The answer to question one is because since the merger of Customs and Excise with the Inland Revenue the latter department’s culture became dominant in HMRC which meant they took months to consider which cases to investigate and how to investigate them and were fearful of “upsetting the customer” , in contrast to the old C and E practice of going in hard and fast and looking for quick results.
Perhaps limited liability needs reform. It seems to bestow lots of advantages and requires little in the way of reciprocity.
Precisely
Perhaps you could set a good example by renouncing your own limited liability status? It’s not easy to criticise a status you are using yourself.

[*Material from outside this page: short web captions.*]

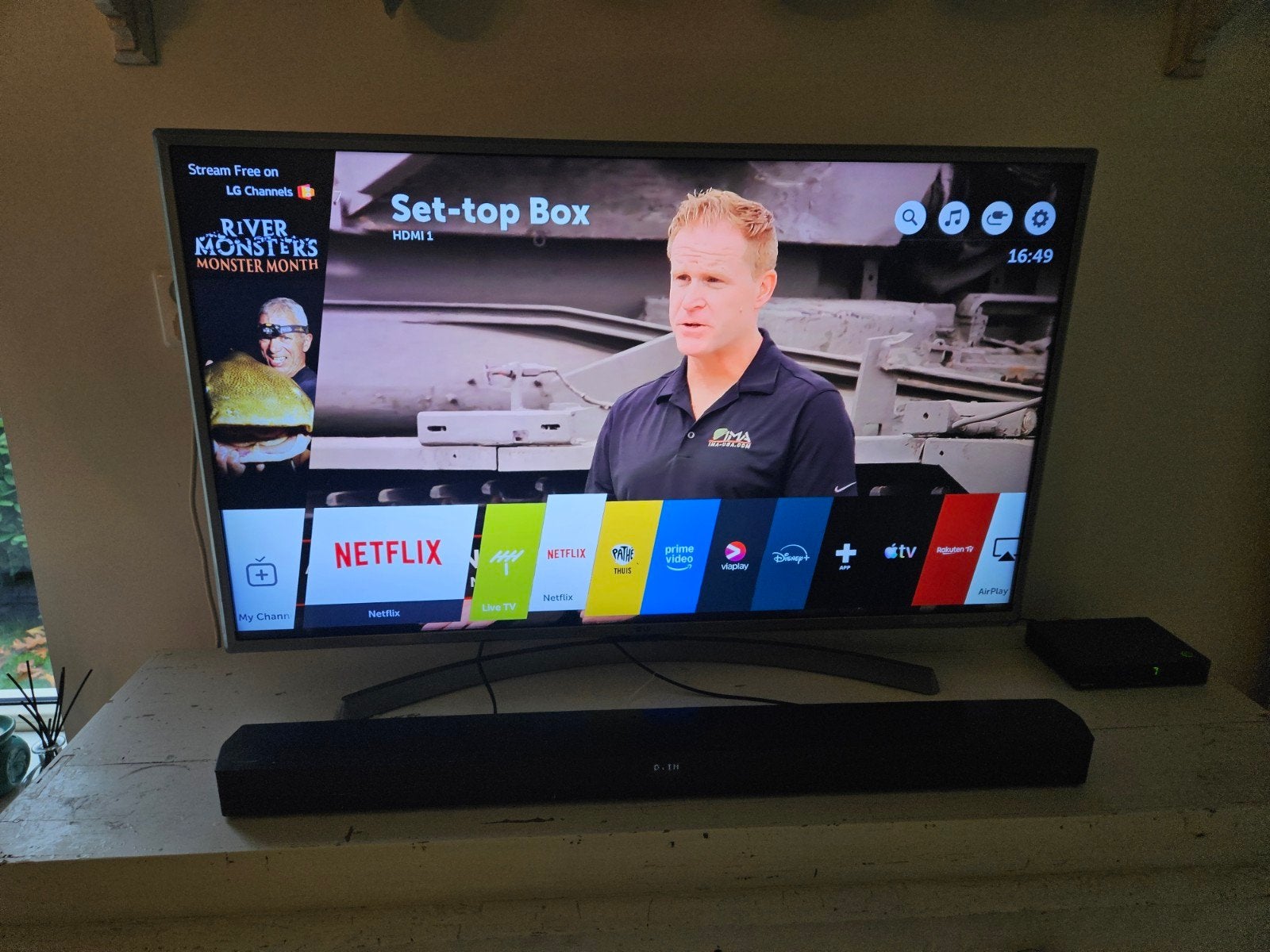 LG 43' ledtv, Ophalen, Gebruikt, 50 Hz, 100 cm of meer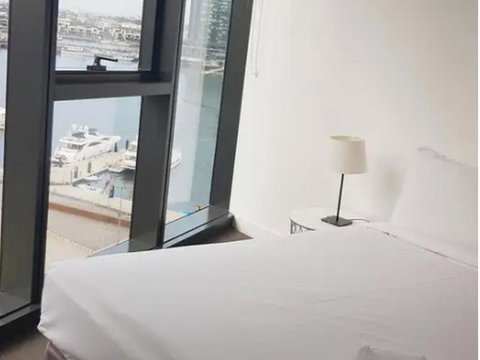 Docklands Waterfront 1006PR 2 Bed Free Wifi - Sunshine Coast Tourism 1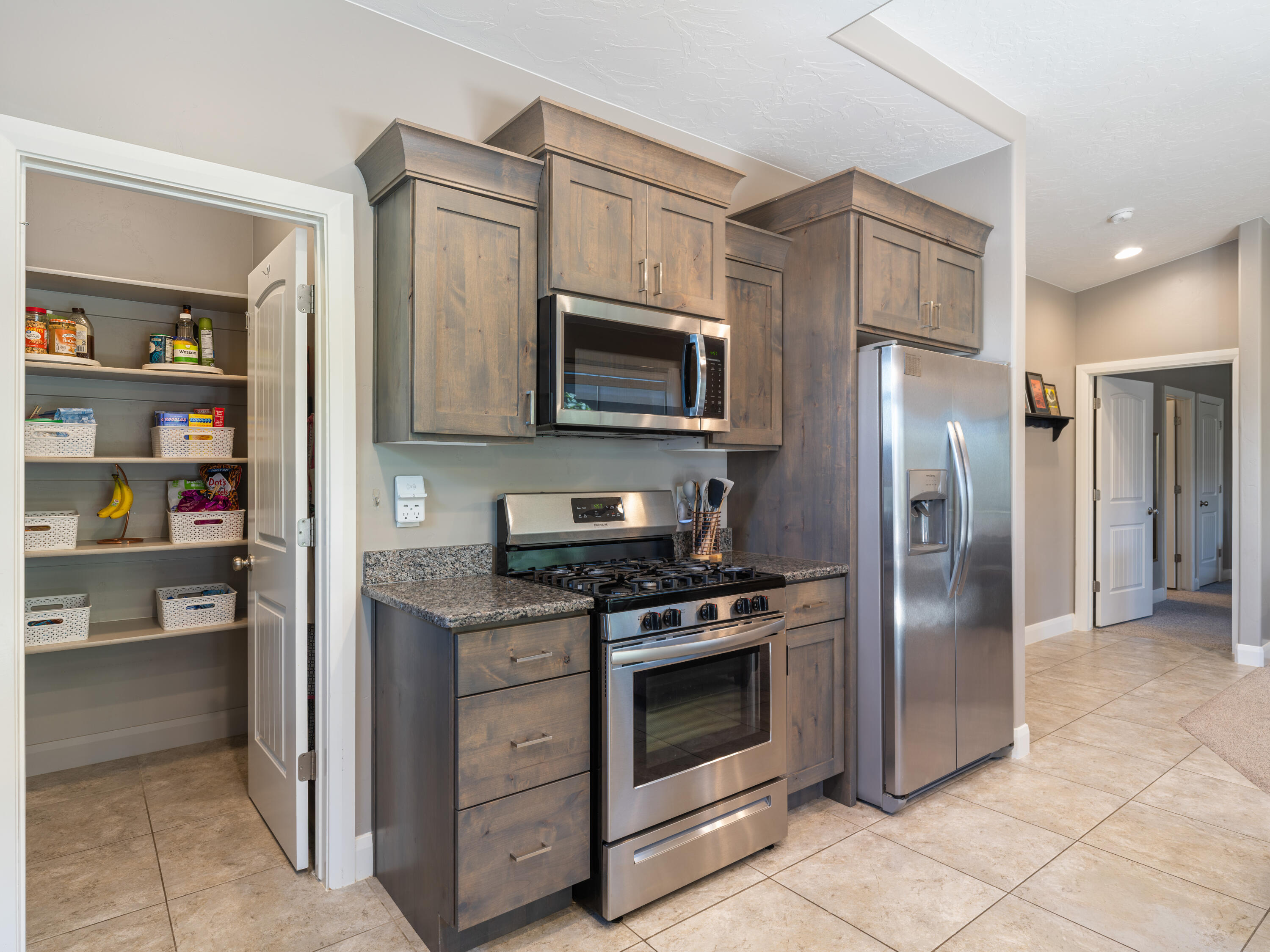 ZIONS GATE ESTATES - Residential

Limited liability has proved to be of use to society. Like many other things of value it can be abused. That does not mean it need be abolished. It does not require that the abuse be condoned. Only trolls suggest such thing and there is an easy answer to trolling
‘Second – why can’t we change the law’
Laws already exist to counter this and strip away limited liability. Have done for ages.
I would have hoped a self-proclaimed tax expert would know this.
Im some very limited cases of criminal liability they can
Generic laws to prevent tax abusers securing gains via limited liability for which i was calling do not
Your comment, like that of the average troll, mis-states the truth and quotes out of context
“Im some very limited cases of criminal liability they can”
The current law allows for the recovery of VAT, income tax and national insurance from an individual who fraudulently uses limited liability status to avoid paying them.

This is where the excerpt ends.